Il y a encore Benjamin (Hubert Proulx), le frère également acteur, qui se plaint d’être « invisible » aux yeux de la critique comme de sa propre famille. Alors que le premier tableau se met en place, l’auteur interrompt le tout, insatisfait, commente et corrige des répliques, les réattribue, et les interprètes reprennent, rejouant un passage. Le procédé, plaisant au premier abord, ralentira l’action par moments. Puis, apparaît la maison… le premier étage glissant sur des rails, puis le second descendant des cintres… ingénieux dispositif qui créera une image séduisante. Arrive enfin Claire, la star, avec à son bras Christian (Mikhaïl Ahooja), un critique de théâtre qui n’est pas vraiment le bienvenu…

Notre dramaturge plus fameux© Yves Renaud

Famille, je te hais?

Il y aurait beaucoup à dire sur ce spectacle, qui multiplie les niveaux d’interactions, les mises en abyme et les références aux univers de Tchekhov et de Tremblay.

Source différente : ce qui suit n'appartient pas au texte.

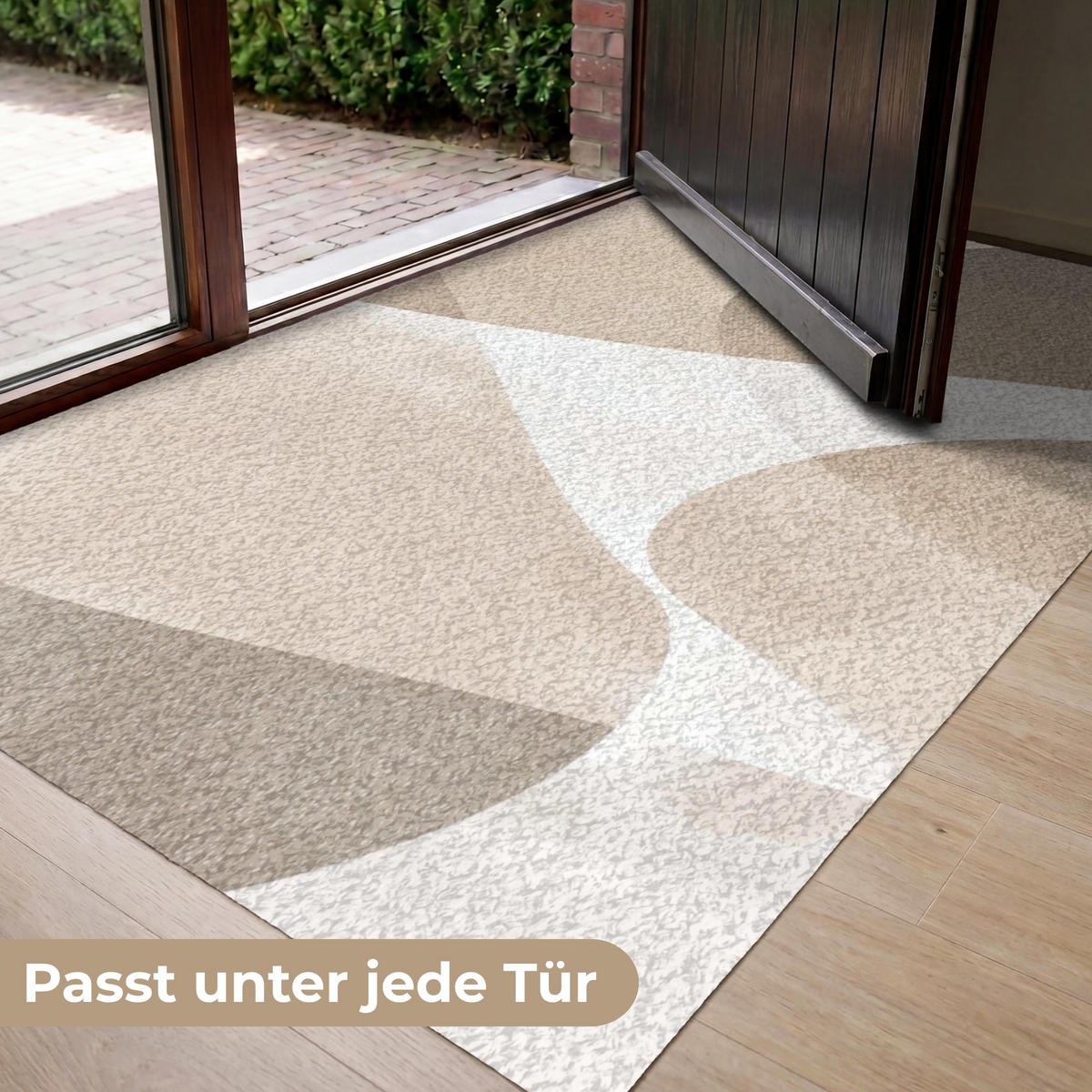 FUSSMATTE Glatte Oberflächen - Harmonisch - Wellenförmig Schmutzfangmatte 150x90 cm - Beige, Kunststoff (150/90cm) - MuchoWow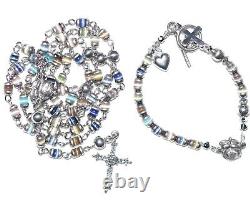 Sterling Silver & Glass Cat Eye Rosary & Matching Rosary Bracelet Set 35.6g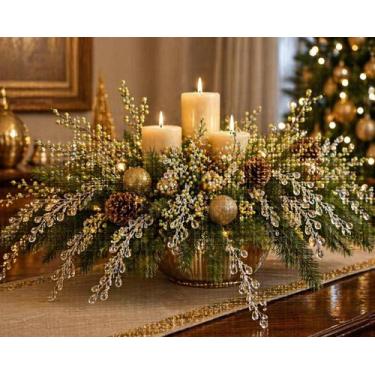 Imagem de Kit 02 Galhos Decorativos Natalino Berry Perolado Verde-60cm - Grillo
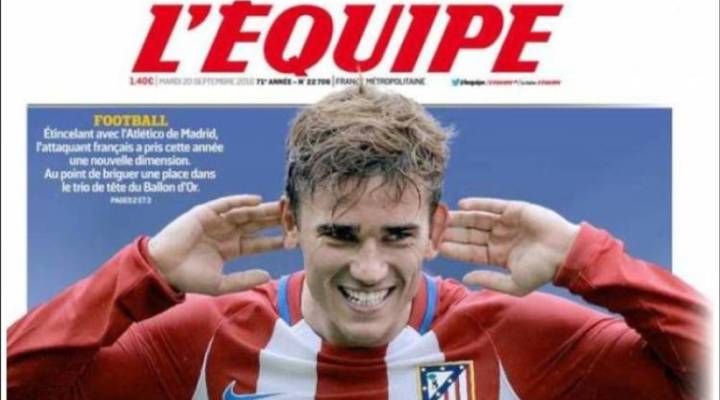 Griezmann se hace campaña con la portada de L'Èquipe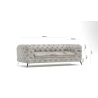 Valentin - Chesterfield Sofa 3-Sitzer mit Silber Metall Füßen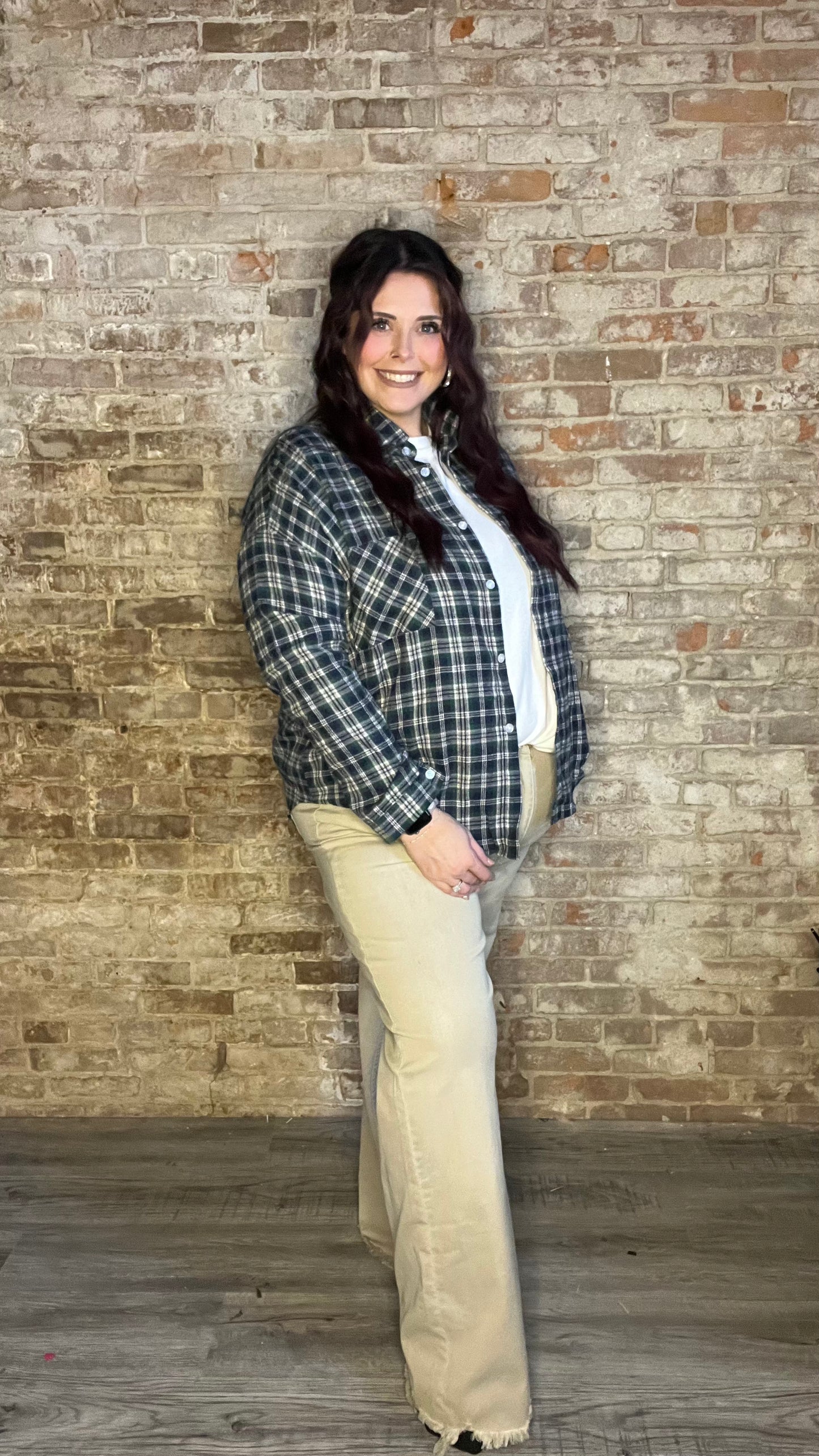 Curvy Button Down Plaid ~ Green and Navy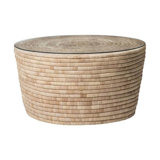 Malawi Woven Reed Coffee Table w/ Glass Top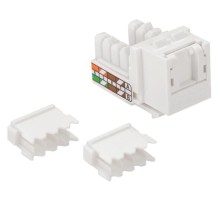 Розеточный модуль Модуль Keystone, RJ45, неэкранированный, кат.5E, со встроенной шторкой, 90 градусов, белый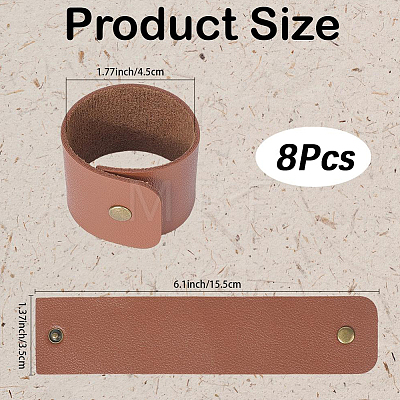 15Pcs Imitation Leather Napkin Rings AJEW-CL0005-38-1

Il y a, d’un côté, Jean-Marc, qui, vieillissant, se trouve en proie au doute sur sa pertinence d’auteur, sa peur d’être dépassé, alors que le personnage d’Henri Chassé, Benoît, a cessé d’écrire après la mauvaise réception de sa dernière pièce. Notamment par ce jeune critique, amouraché, contre toute attente, de sa sœur Claire – « Une actrice ne couche pas avec un critique de théâtre! » –, personnage insuffisamment développé, dont la présence n’est certes pas l’enjeu du drame. D’ailleurs, est-ce un drame? Tchekhov disait que ses pièces étaient des comédies…

Bien sûr, il y a de l’humour ici, Michel Tremblay est un maître du dialogue et plusieurs répliques sont parfaitement punchées. Les interprètes, dont certain·es sont effectivement issu·es de familles d’artistes, ont tous et toutes de bons morceaux, et pourtant, malgré le jeu solide – le metteur en scène, Serge Denoncourt, démontre encore une fois son savoir-faire –, chaque personnage ne semble montrer que sa face sombre, désagréable, frustrée et rageuse. Leur jalousie réciproque, leur hargne laissent peu deviner un attachement qui devrait leur être commun, et la sensibilité que tout·e artiste devrait porter en lui ou en elle. Comme si l’auteur avait manqué d’amour, de tendresse envers ses personnages… ou avait eu trop de doute envers lui-même…

Cher Tchekhov

Texte : Michel Tremblay. Mise en scène : Serge Denoncourt. Décor : Guillaume Lord. Costumes : Sylvain Genois. Éclairages : Martin Labrecque. Musique originale : Laurier Rajotte. Maquillages et coiffures : Amélie Bruneau-Longpré. Accessoires : Julie Measroch. Assistance à la mise en scène : Marie-Christine Martel. Avec Mikhaïl Ahooja, Anne-Marie Cadieux, Henri Chassé, Maude Guérin, Patrick Hivon, Hubert Proulx, Gilles Renaud et Isabelle Vincent. Une production du Théâtre du Nouveau Monde, présentée au TNM jusqu’au 28 mai 2022.